GIOVANI TESTIMONI

David Buggi prima di morire: “Dio, solo questo ti chiedo: consola mia madre!”

Vorrei raccontarvi una storia di fede veramente bella. Protagonista di questa nuova pagina di Vangelo (ogni santo lo è), David Buggi, classe 1999, morto di tumore a 17 anni. In un video-testimonianza, consegnatoci come una preziosità eredità, racconta che l’anno della malattia – nonché l’ultimo della sua vita – è stato il più bello, perché quello in cui ha sentito più vicino il Signore.

David Buggi nasce a Roma il 6 novembre 1999, da una famiglia cristiana molto credente. I genitori, Diana e Marco, cercano di trasmettergli la fede fin da piccolo. Primogenito di tre figli, David è curioso, spontaneo, schietto. Ama lo sport e si pone tante domande sul senso della vita.

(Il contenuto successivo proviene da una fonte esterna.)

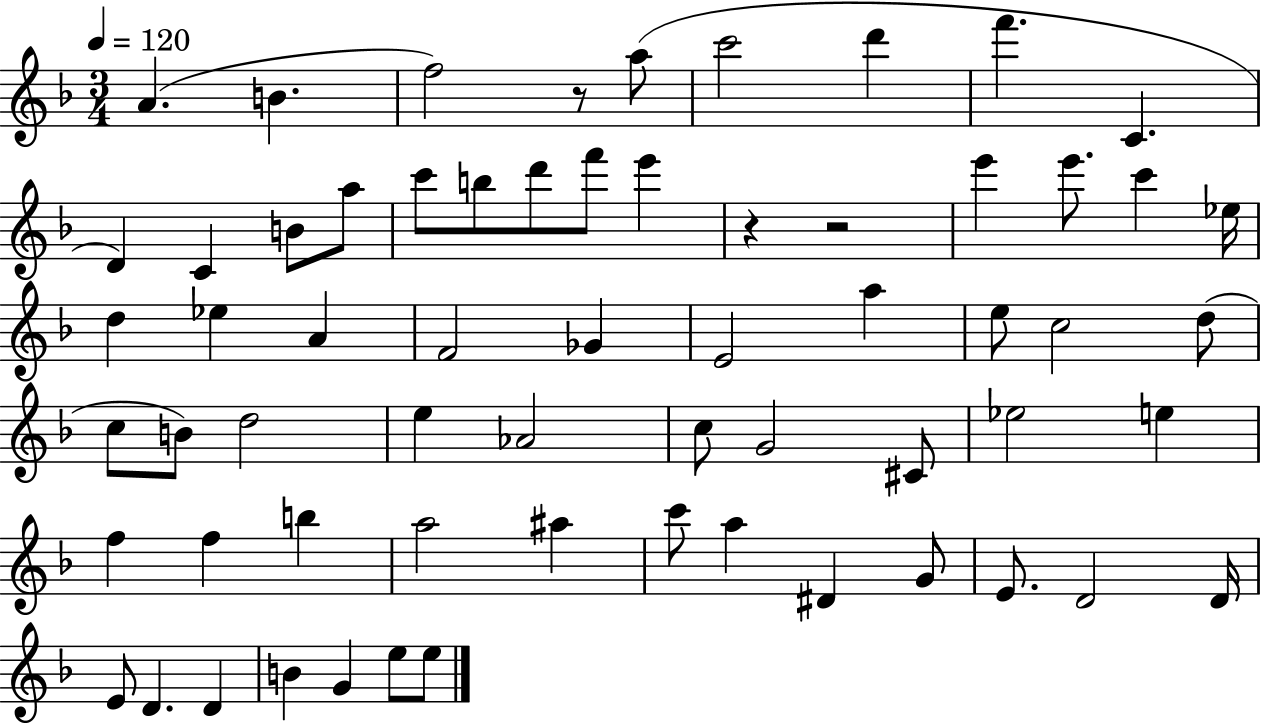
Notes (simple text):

A4/q. B4/q. F5/h R/e A5/e C6/h D6/q F6/q. C4/q. D4/q C4/q B4/e A5/e C6/e B5/e D6/e F6/e E6/q R/q R/h E6/q E6/e. C6/q Eb5/s D5/q Eb5/q A4/q F4/h Gb4/q E4/h A5/q E5/e C5/h D5/e C5/e B4/e D5/h E5/q Ab4/h C5/e G4/h C#4/e Eb5/h E5/q F5/q F5/q B5/q A5/h A#5/q C6/e A5/q D#4/q G4/e E4/e. D4/h D4/s E4/e D4/q. D4/q B4/q G4/q E5/e E5/e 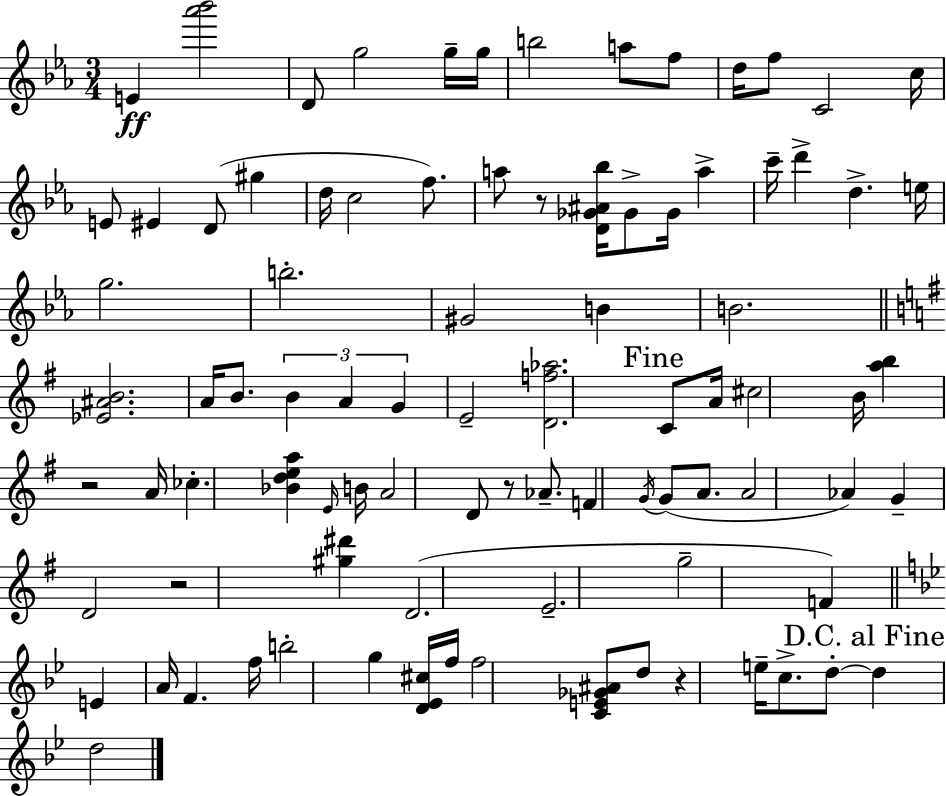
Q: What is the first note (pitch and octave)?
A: E4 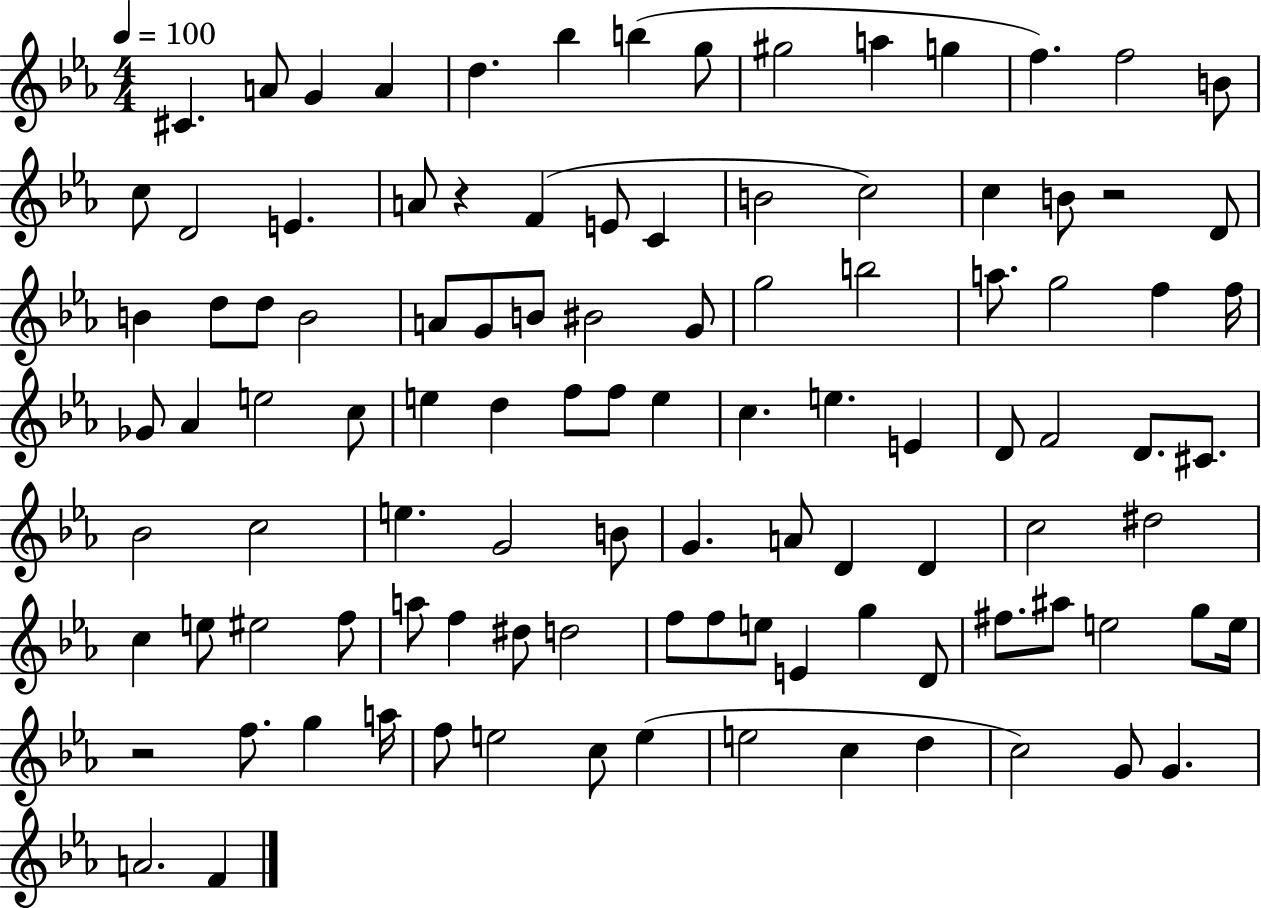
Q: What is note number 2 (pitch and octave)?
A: A4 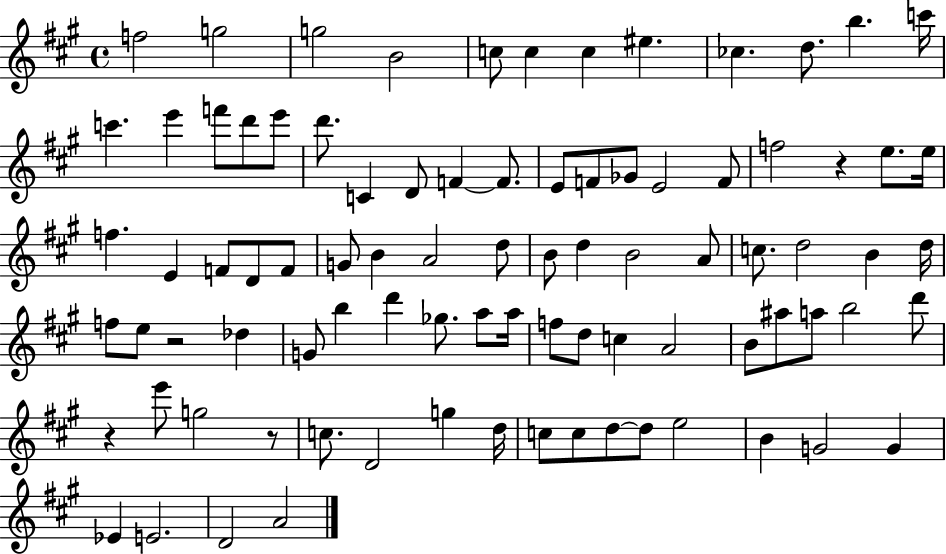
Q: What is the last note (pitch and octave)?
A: A4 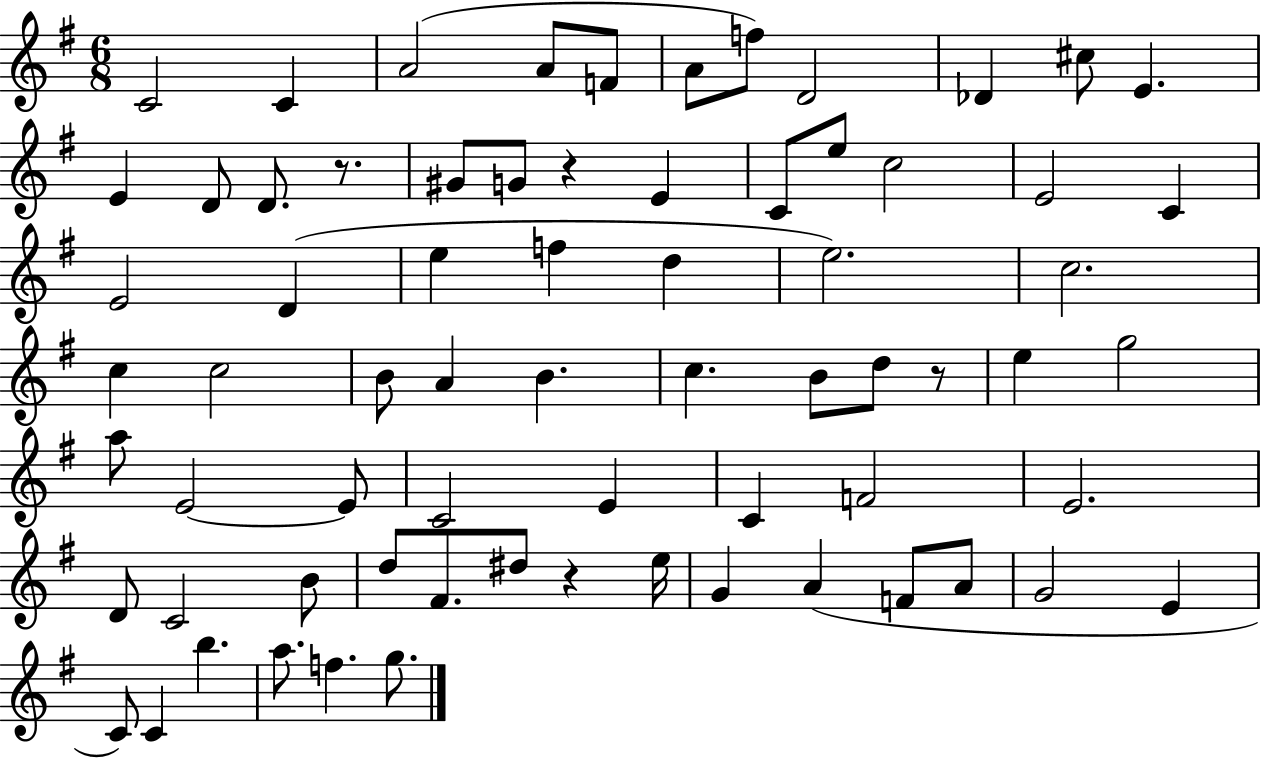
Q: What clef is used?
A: treble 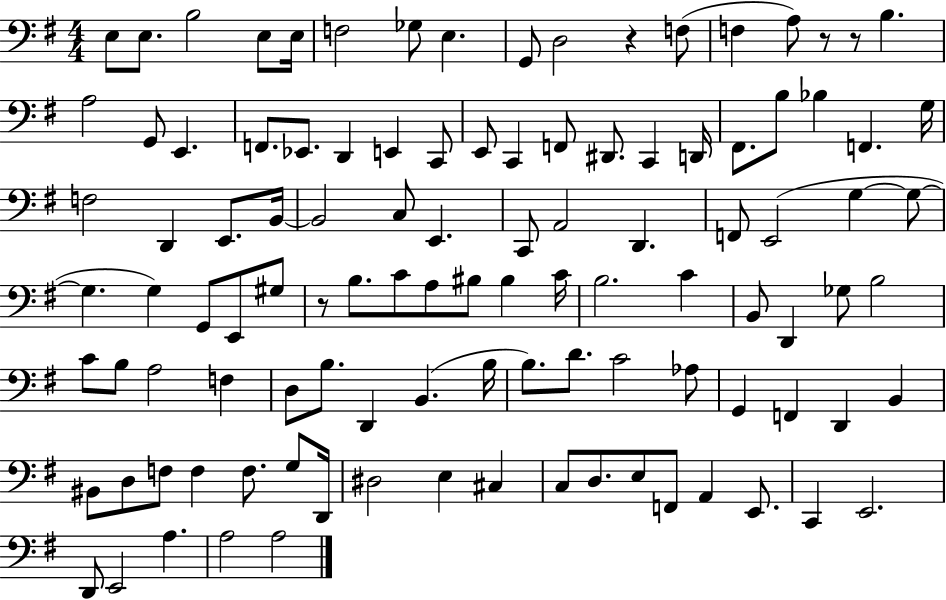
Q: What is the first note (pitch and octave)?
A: E3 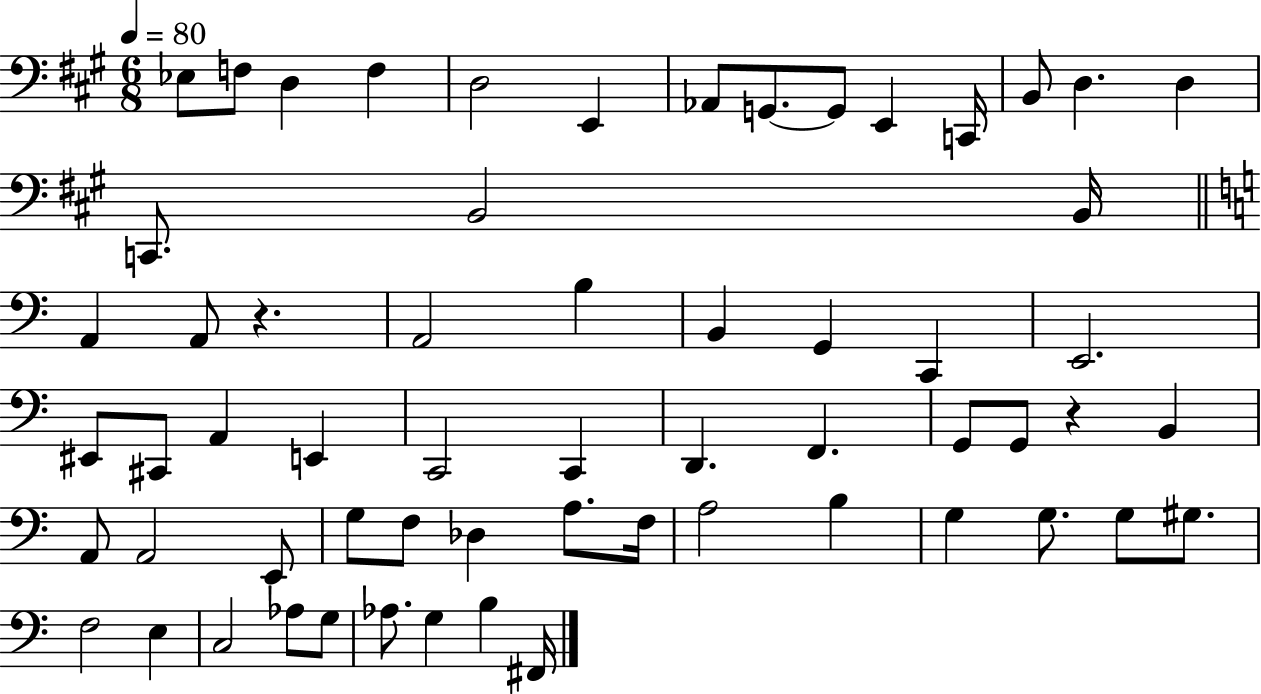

In adolescenza inizia a mettere in dubbio la fede e, spesso, si trova diviso tra i valori cristiani e quelli mondani. Talvolta, sente il desiderio di emulare alcuni coetanei che gli sembrano “più liberi” perché non vivono secondo la morale cristiana.

Capirà, tuttavia, che la fede in Gesù non è privazione, ma autentica ricchezza, quando gli piomberà addosso una notizia che mai si sarebbe aspettato di ricevere. A soli sedici anni, infatti, scopre di avere un tumore, dopo essersi sottoposto a degli accertamenti per un forte dolore avvertito ad una gamba. 

Un’intera comunità prega per lui.

Si chiede a Dio che sia solo un ematoma. E invece è un cancro.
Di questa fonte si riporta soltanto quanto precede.